Short web captions

== Segment start ==

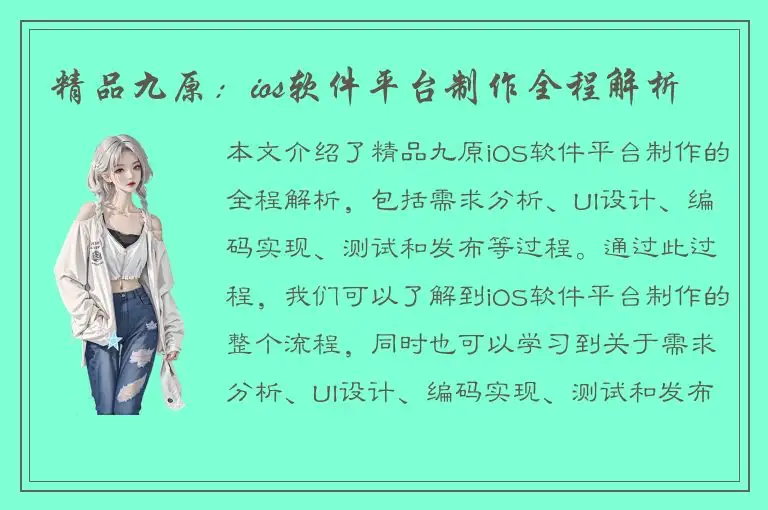 精品九原：ios软件平台制作全程解析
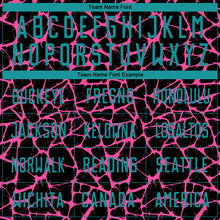 Laden Sie das Bild in den Galerie-Viewer, Custom Black Teal-Pink Abstract Network Splash Sublimation Soccer Uniform Jersey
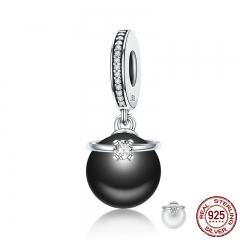 100% 925 Sterling Silver 2 Colors Elegant Imitation Pearl & Clear CZ Pendant Charm fit Charm Bracelet Jewelry SCC572 CHARM-0649
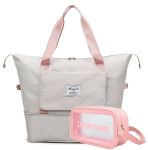 Expandable Foldable Waterproof Travel Gym Duffel Bag With Keyring Accessory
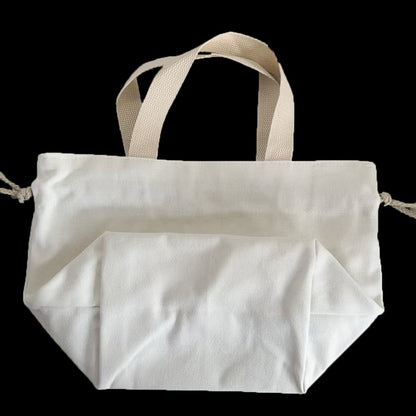 Plain Minimalist Japanese Bento Bag Canvas Drawstring Tote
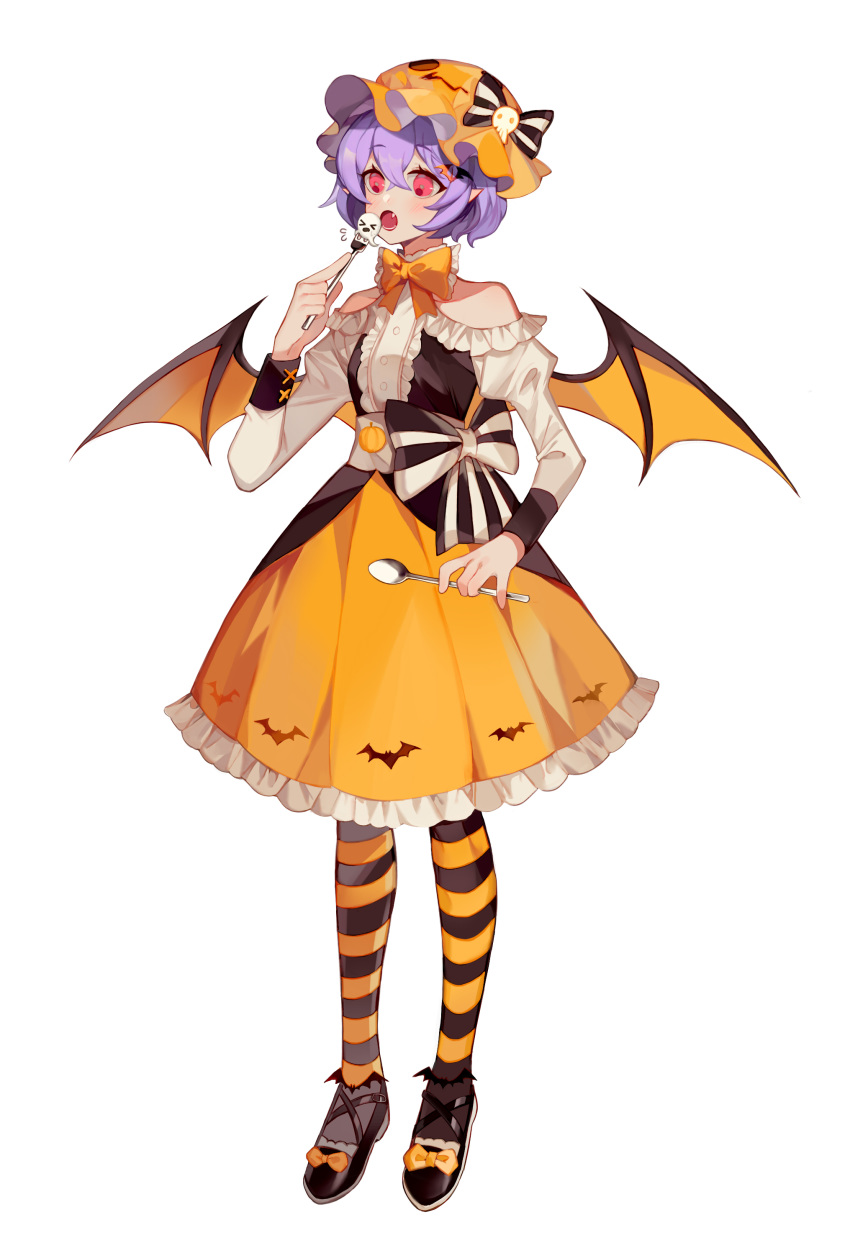 1girl absurdres bat_wings black_bow black_legwear bow commentary_request dress eyebrows_visible_through_hair fang fork full_body hair_between_eyes halloween hat hat_bow highres holding holding_fork holding_spoon long_sleeves orange_dress orange_headwear orange_legwear pantyhose red_eyes remilia_scarlet simple_background solo spoon striped striped_legwear touhou two-tone_bow vampire white_background white_bow wings yayako_(804907150)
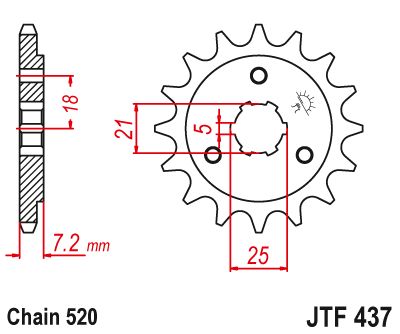 JT Sprockets Front Steel Countershaft Sprocket 15 Tooth 15T 520 Chain JTF437.15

== Segment end ==

What to produce: Without the pictures, set down every entry exactly.

Answer to this task:
 精品九原：ios软件平台制作全程解析
 Laden Sie das Bild in den Galerie-Viewer, Custom Black Teal-Pink Abstract Network Splash Sublimation Soccer Uniform Jersey
 100% 925 Sterling Silver 2 Colors Elegant Imitation Pearl & Clear CZ Pendant Charm fit Charm Bracelet Jewelry SCC572 CHARM-0649
 Expandable Foldable Waterproof Travel Gym Duffel Bag With Keyring Accessory
 Plain Minimalist Japanese Bento Bag Canvas Drawstring Tote
 1girl absurdres bat_wings black_bow black_legwear bow commentary_request dress eyebrows_visible_through_hair fang fork full_body hair_between_eyes halloween hat hat_bow highres holding holding_fork holding_spoon long_sleeves orange_dress orange_headwear orange_legwear pantyhose red_eyes remilia_scarlet simple_background solo spoon striped striped_legwear touhou two-tone_bow vampire white_background white_bow wings yayako_(804907150)
 JT Sprockets Front Steel Countershaft Sprocket 15 Tooth 15T 520 Chain JTF437.15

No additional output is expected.